Set up and Manage an Azure Kubernetes Service (AKS) Cluster

Determined can be installed on a cluster that is hosted on a managed Kubernetes service such as AKS. This document describes how to set up an AKS cluster with GPU-enabled nodes. The recommended setup includes deploying a cluster with a single non-GPU node that will host the Determined master and database, and an autoscaling group of GPU nodes. After creating a suitable AKS cluster, you can then proceed with the standard instructions for installing Determined on Kubernetes.

Determined requires GPU-enabled nodes and the Kubernetes cluster to be running version >= 1.19 and <= 1.21, though later versions may work.

Prerequisites

To deploy an AKS cluster, the user must have a resource group to manage the resources consumed by the cluster. To create one, follow the instructions found in the Azure Resource Groups Documentation.

Additionally, users must have the Azure CLI and kubectl installed on their local machine.

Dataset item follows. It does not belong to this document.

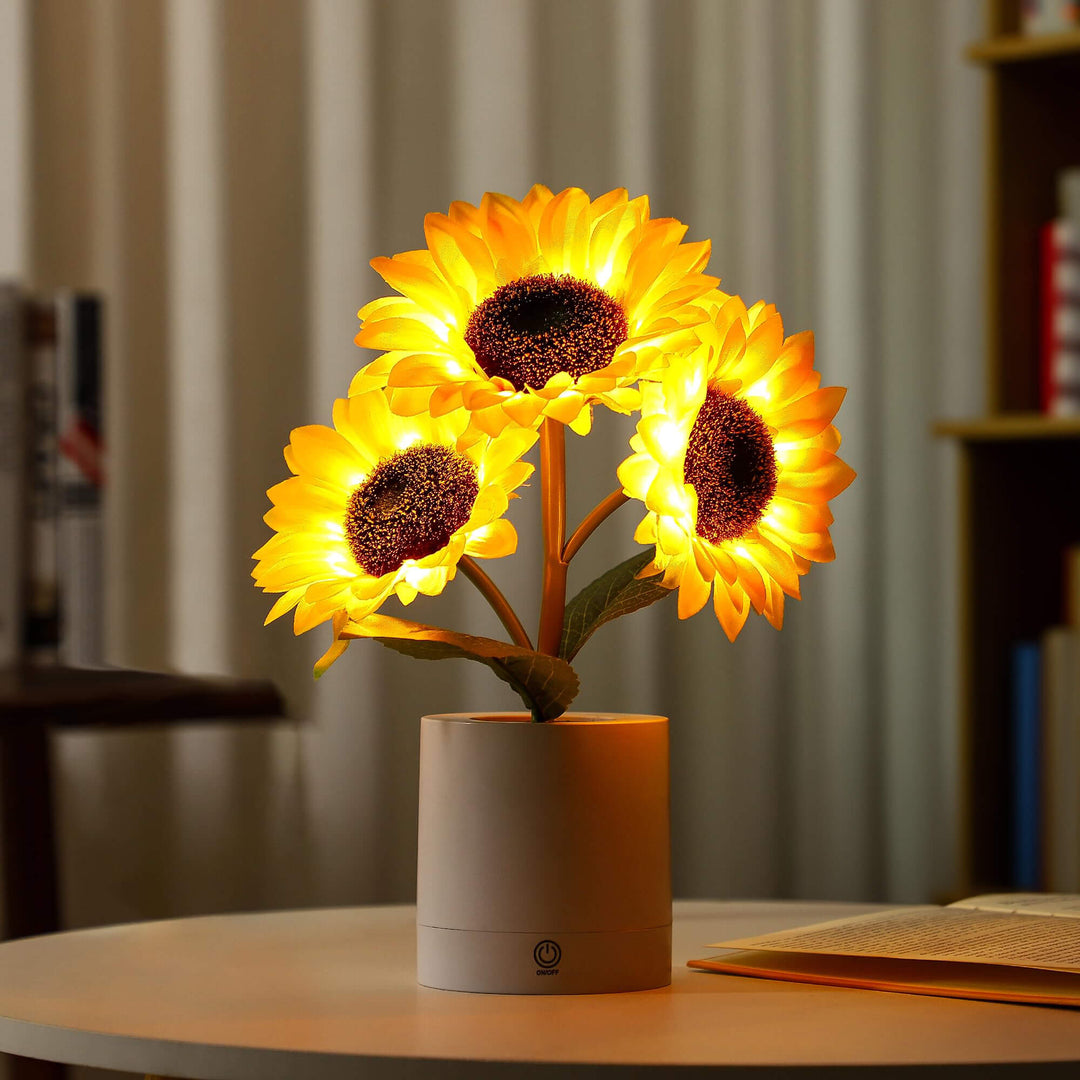 Sunflower LED Table Lamp – Decorative Light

Finally, authenticate with the Azure CLI using az login in order to have access to your Azure subscription.

Set up the Cluster

# Specify the Azure Resource Group you will be using to deploy the cluster.
AKS_RESOURCE_GROUP=<resource group name, e.g. "determined-resource-group">

# Set a unique name for your cluster.
AKS_CLUSTER_NAME=<any unique name, e.g. "determined-cluster">

# Set a unique name for your node pool. Azure requires node pool names to consist
# solely of alphanumeric characters, start with a lowercase letter, and
# be no longer than 12 characters.
AKS_GPU_NODE_POOL_NAME=<any unique, conforming, name, e.g. "determined-node-pool">

# Set the GPU VM Size for your node pool. This VM size corresponds to a machine with 4 Tesla K80 GPUs.
GPU_VM_SIZE=Standard_NC24

# Launch the AKS cluster that will contain a single non-GPU node.
az aks create --resource-group ${AKS_RESOURCE_GROUP} --name ${AKS_CLUSTER_NAME} \
 --node-count 1 --generate-ssh-keys --vm-set-type VirtualMachineScaleSets \
 --load-balancer-sku standard --node-vm-size Standard_D8_v3

# Create a node pool. This will not launch any nodes immediately but will
# scale up and down as needed. If you change the GPU type or the number of
# GPUs per node, you may need to change the machine-type.
az aks nodepool add --resource-group ${AKS_RESOURCE_GROUP} --cluster-name ${AKS_CLUSTER_NAME} \
 --name ${AKS_GPU_NODE_POOL_NAME} --node-count 0 --node-vm-size ${GPU_VM_SIZE} \
 --enable-cluster-autoscaler --min-count 0 --max-count 4

Create a kubeconfig for AKS

After creating the cluster, kubectl should be used to deploy apps. In order for kubectl to be used with AKS, users need to create or update the cluster kubeconfig. This can be done with the command:

az aks get-credentials --resource-group ${AKS_RESOURCE_GROUP} --name ${AKS_CLUSTER_NAME}

Enable GPU Support

To allow the AKS cluster to recognize GPU hardware resources, refer to the instructions provided by Azure on the Install NVIDIA Device Plugin tutorial.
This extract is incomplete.